Kaye is no longer the Chairman of the agency but will remain on the Commission because his term as a Commissioner runs until 2020 regardless of whether he retains his status as the Chairman. The terms of every Commissioner are seven year fixed terms that are independent of the Presidency.
Given the terms of current slate of Commissioners, this means that the agency will not transition to a Republican majority and that Chairman Buerkle will preside as a minority Chairman. Absent the early resignation of a current Democratic Commissioner, the earliest that a new Republican Commissioner can assume a position on the Commission is in late October of this year when Democratic Commissioner Marti Robinson's term expires.
Given this situation, we do not expect to see immediate and substantial changes at the CPSC similar to those currently occurring in other parts of the federal government. That said, the Chairman of the CPSC is afforded significant authority to direct staff resources and priorities so changes in accordance with Chairman Buerkle's priorities likely will occur.
Specifically, the Consumer Product Safety Act states:
The Chairman of the Commission shall be the principal executive officer of the Commission, and shall exercise all of the executive and administrative functions of the Commission, including functions of the Commission with respect to: (A) the appointment and supervision of personnel employed under the Commission, (B) the distribution of business among personnel appointed and supervised by the Chairman and among administrative units of the Commission, and (C) the use and expenditure of funds.

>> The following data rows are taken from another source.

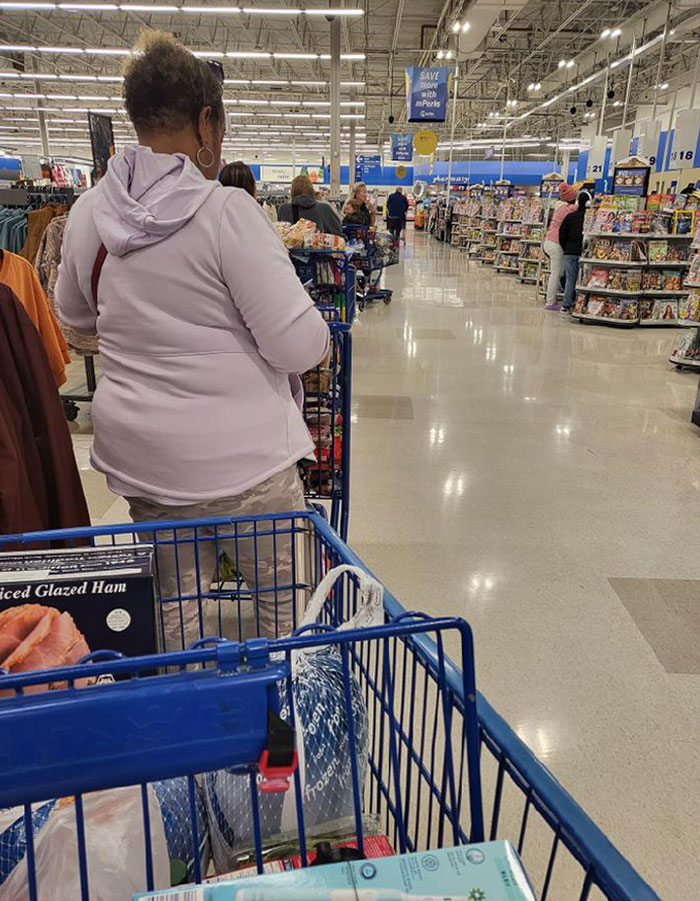 Mi esposa haciendo la compra para Acción de gracias, solo hay una caja abierta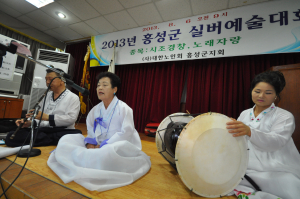 꽃할배·꽃할매의 흥겨운 장기자랑 한마당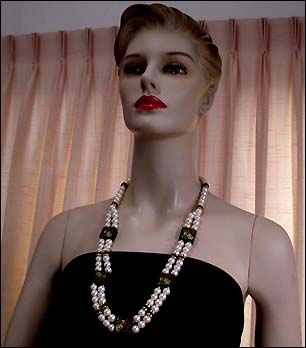 a beautiful vintage costume jewelry necklace unsigned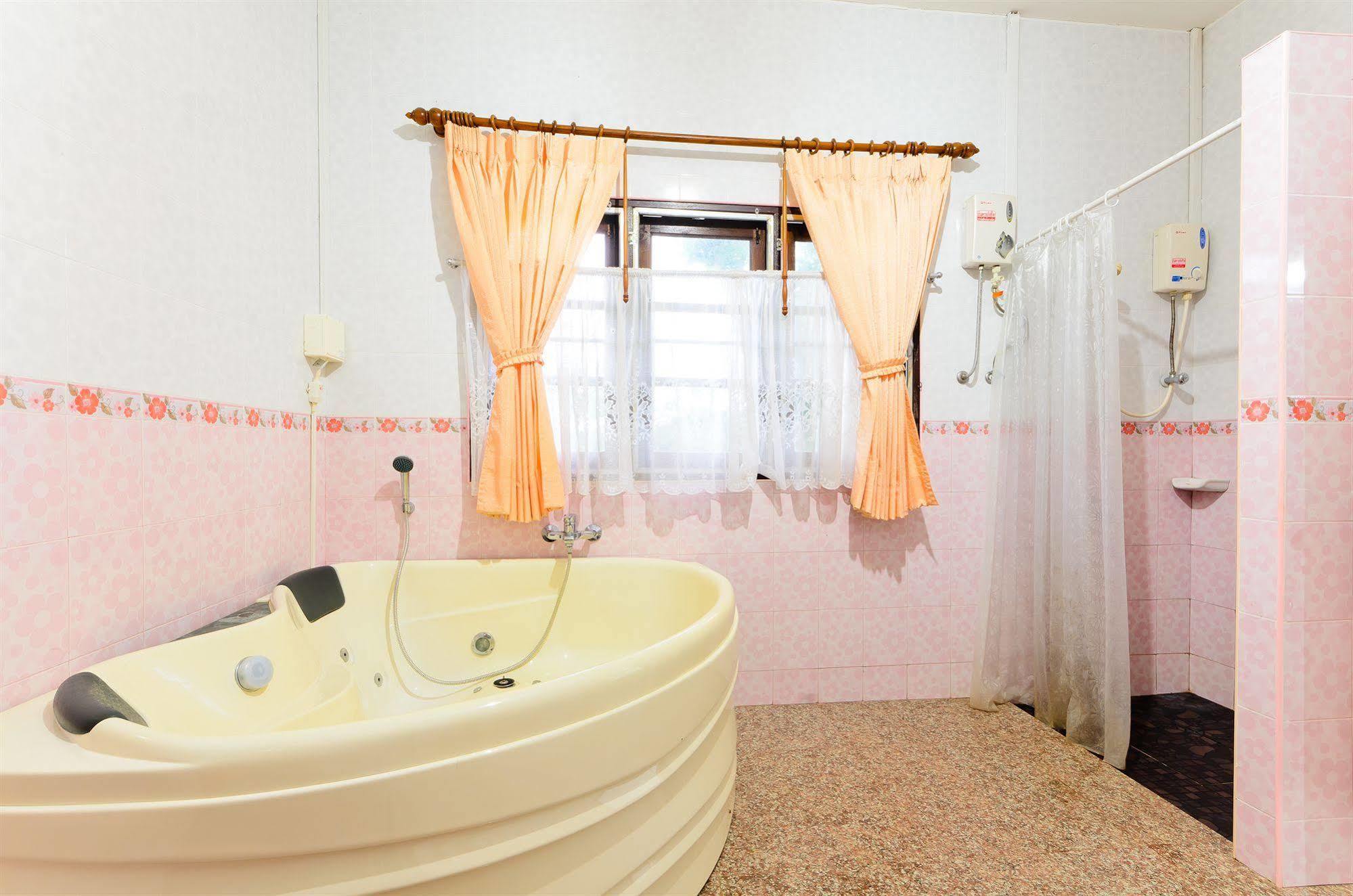Sananwan Beach B&B Bang Saphan Noi Bagian luar foto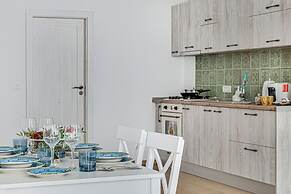ARI Central Grand Apartments-Luxury Stay
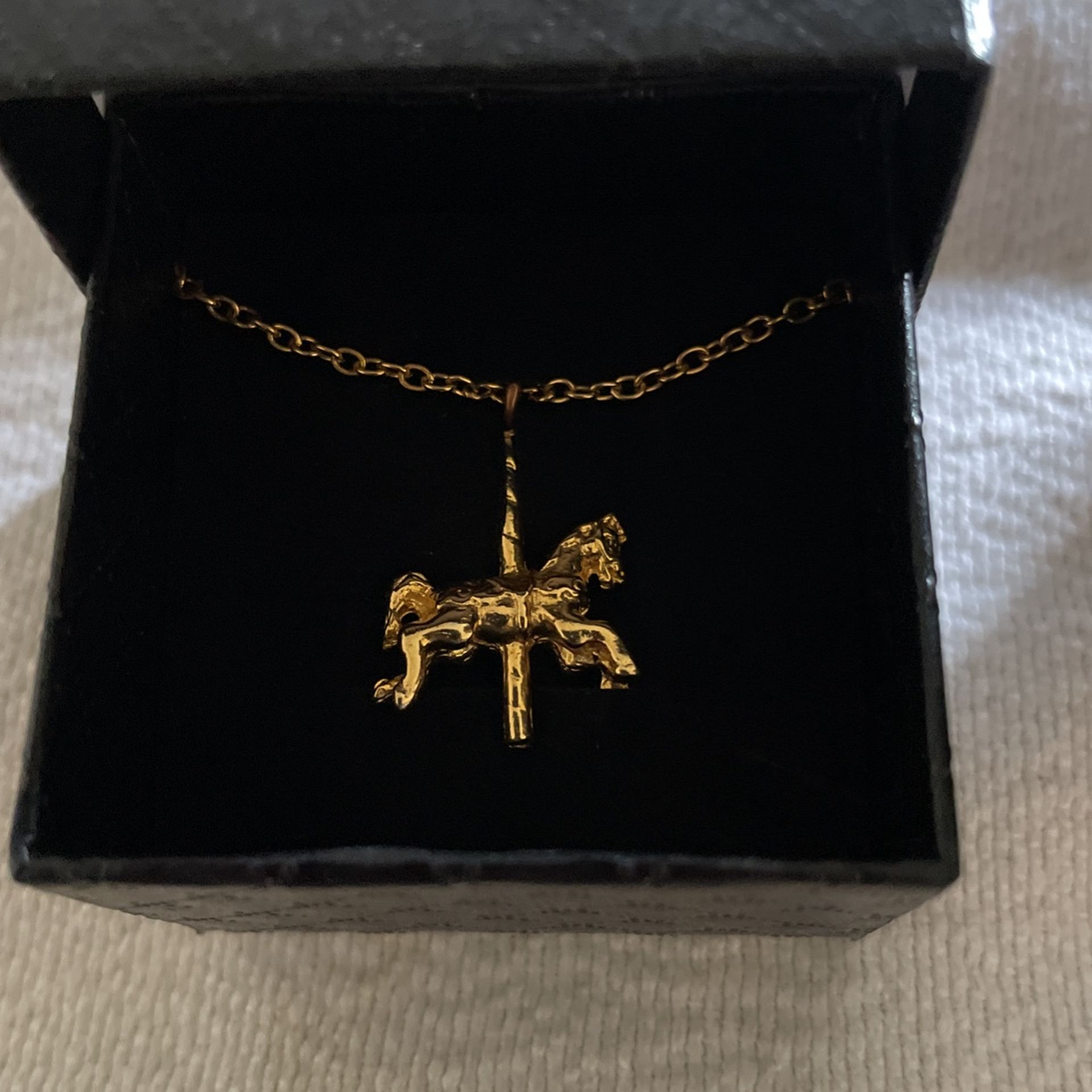 Women’s Necklace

In carrying out any of functions under the provisions of this subsection the Chairman shall be governed by general policies of the Commission and by such regulatory decisions, findings, and determinations as the Commission may by law be authorized to make.
Although a majority of the Commission could attempt to overrule the Chairman on issues within the Chairman's inherent authority, that is only possible by stripping away the Chairman's authority by creating a "general policy" of the Commission as allowed under the Consumer Product Safety Act. The Commission has been reluctant to do this throughout the history of the agency because both political parties usually favor a strong Chairman when they are in power.

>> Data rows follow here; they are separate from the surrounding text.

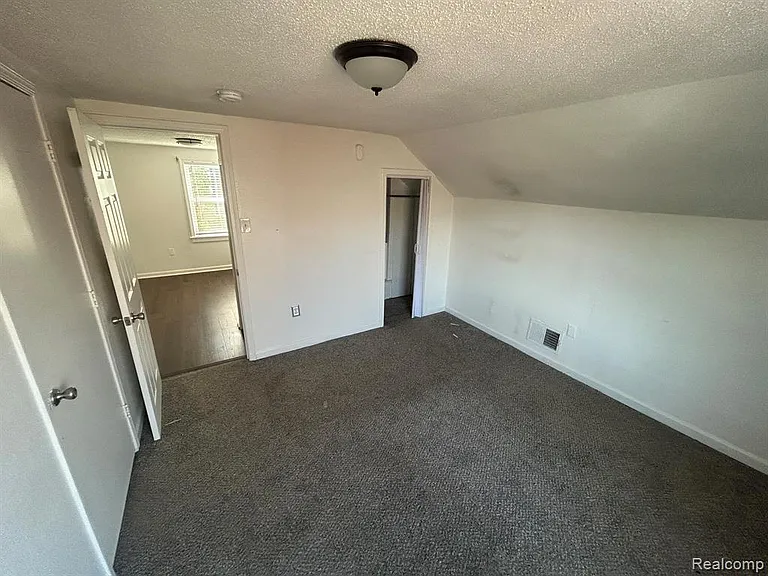 5081 Wayburn St — Photo 11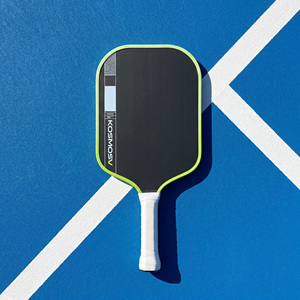 Raquette de pickleball en fibre de carbone Elite Series T700, noyau composite en EVA alvéolé PP de 16 mm avec pondération périmétrique TFP et structure monobloc - Product Image 1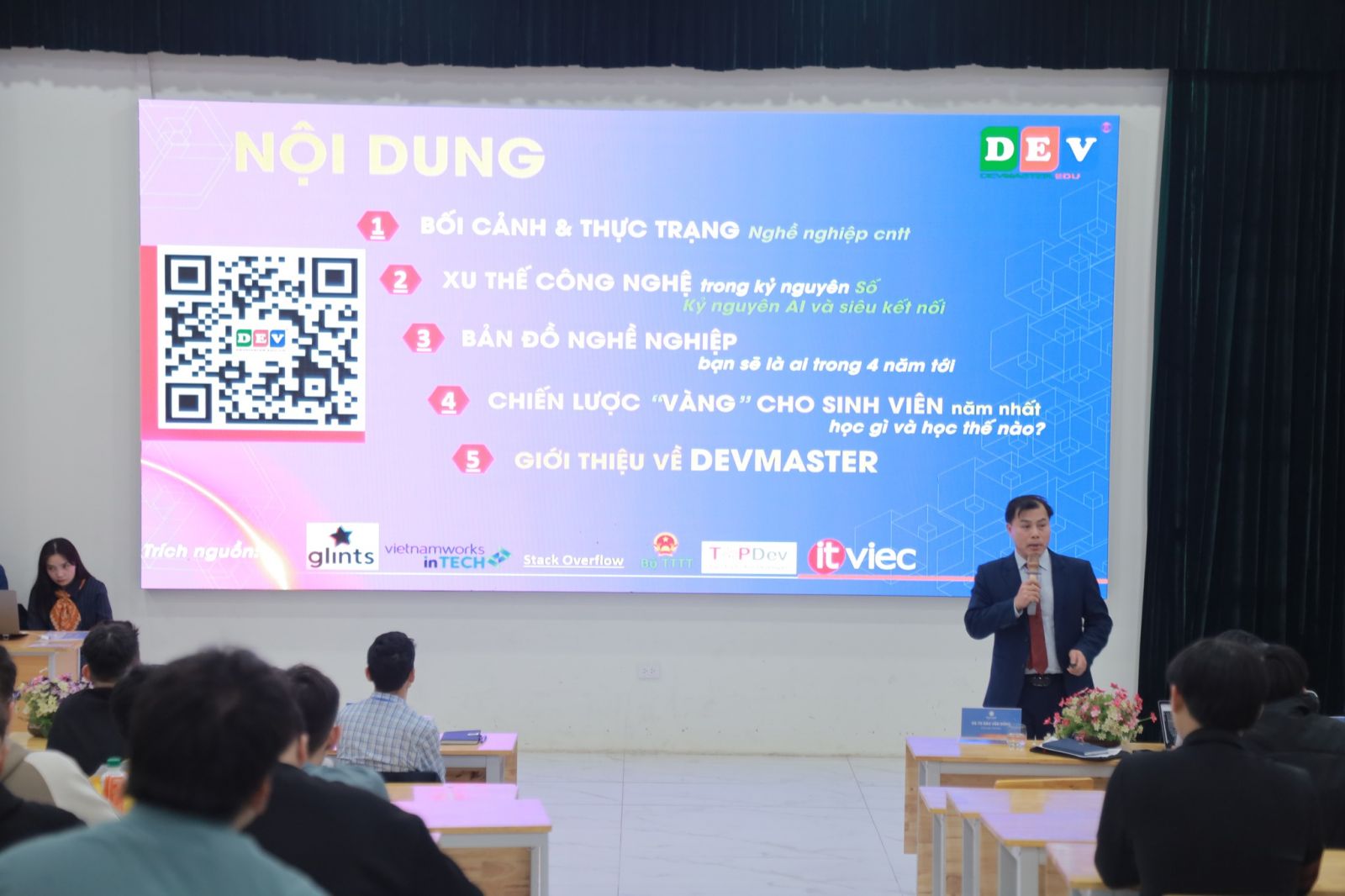 Devmaster tham gia chia sẻ tại Hội nghị cố vấn học tập và đối thoại sinh viên khóa 19 – Khoa Công nghệ Thông tin, Trường Đại học Đại Nam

Chairman Buerkle and fellow Republican Commissioner Joe Mohorovic have been vocal critics of the CPSC's recent trend of significantly increased civil penalties. While civil penalties that are already in the pipeline and currently being negotiated by staff may still settle and be approved by the current Democratic majority for significant amounts, there may be eventually be changes in the way the agency approaches civil penalties.
Chairman Buerkle's name has been circulating for some time now as a potential candidate for the permanent Chairman of the CPSC given her extensive experience inside the agency (and as a member of Congress) as well as the significant amount of proactive outreach she has done with agency stakeholders during her term as a Commissioner. Given the fact that a new Chairman from outside of the current Commission could not join the agency until late October at the earliest, it has also been pointed out that President Trump's nomination of Buerkle as the permanent Chairman will allow for earlier hiring for key staff positions and the advancement and framing of her priorities as the Republican Chairman that can then be more quickly implemented once a third Republican Commissioner joins the agency.